To extend the results for rooted trees to a full central limit theorem we use the far-reaching result in [21, Theorem 1.3]. This theorem shows that the random unrooted tree \(U_n\) on n vertices is close to a tree \(T_n\) obtained by identifying the roots of a rooted Pólya tree \(\mathcal {P}_{K_n}\) (of random size \(K_n\)) and a tree \(B_n\) of stochastically bounded size \(\vert B_n\vert = n-K_n+1 = O_P(1)\). To be precise, the total variation distance between \(U_n\) and \(T_n\) is \(O(e^{-cn})\) for a constant \(c > 0\).

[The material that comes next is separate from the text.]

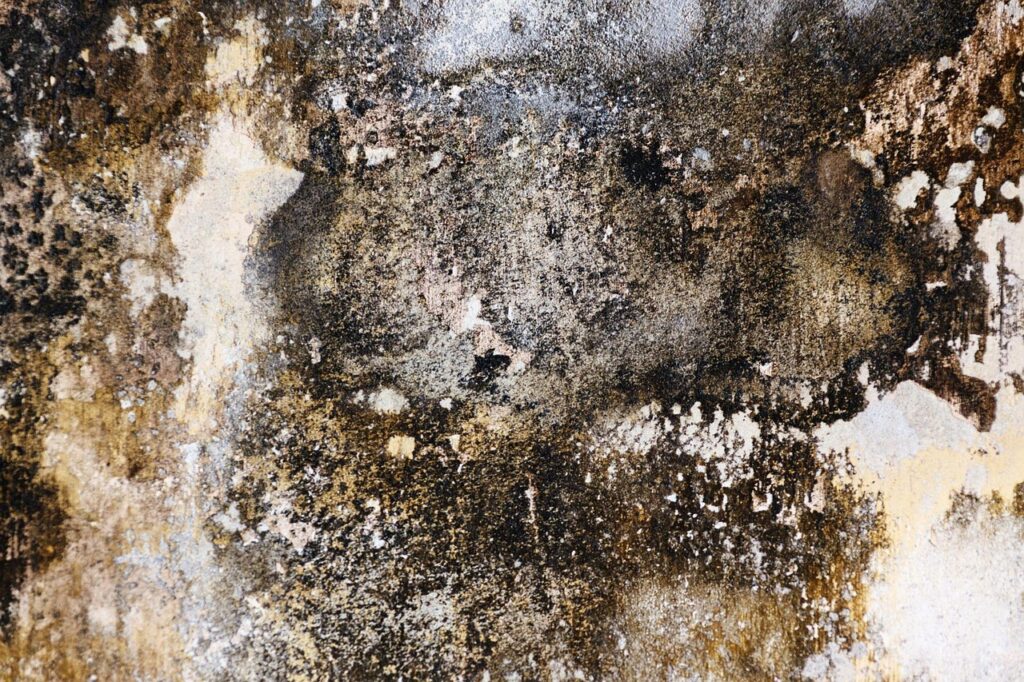 abstract, background, bad, damp, design, detail, dirty, fungus, grunge, mold, mould, old, pattern, rough, stained, surface, texture, textured, wall, mold, mold, mold, mold, mold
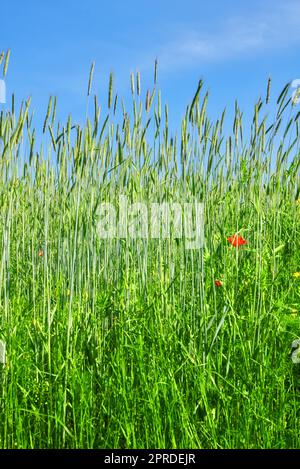 Des coquelicots dans la campagne au début de l'été. Une photo des coquelicots dans la campagne au début de l'été. Banque D'Images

In other words, an unrooted tree essentially consists of a large rooted Pólya tree and something small. Thus, we have

$$\begin{aligned} P\left( \frac{\log \vert {\text {Aut}}{U}_n\vert -\mu n }{\sqrt{n}}\le a\right) = P\left( \frac{\log \vert {\text {Aut}}{T}_n\vert -\mu n}{\sqrt{n}}\le a\right) + O(e^{-cn}). \end{aligned}$$
(18)

Moreover, if \(\vert B_n \vert \le M\) for some fixed M, then we have \(\log \vert {\text {Aut}}{T_n}\vert = \log \vert {\text {Aut}}{\mathcal {P}_{K_n}}\vert + O(\log n)\) by the same argument that gave us (17), and consequently

$$\begin{aligned} \frac{\log \vert {\text {Aut}}{T_n}\vert -\mu n }{\sqrt{n}}&= \frac{\log \vert {\text {Aut}}{\mathcal {P}_{K_n}}\vert -\mu n}{\sqrt{n}} + O \Big ( \frac{\log n}{\sqrt{n}} \Big ) \\&= \frac{\log \vert {\text {Aut}}{\mathcal {P}_{K_n}}\vert -\mu K_n}{\sqrt{K_n}} + O \Big ( \frac{\log n}{\sqrt{n}} \Big ). \end{aligned}$$

Since \(\vert B_n \vert = n - K_n + 1\) is stochastically bounded, we see that

$$\begin{aligned} \frac{\log \vert {\text {Aut}}{T_n}\vert -\mu n }{\sqrt{n}} - \frac{\log \vert {\text {Aut}}{\mathcal {P}_{K_n}}\vert -\mu K_n}{\sqrt{K_n}} \xrightarrow {p} 0. \end{aligned}$$

So an application of Slutsky’s theorem in combination with (18) and the results for rooted Pólya trees proves the central limit theorem for the size of the automorphism group in the case of unrooted trees.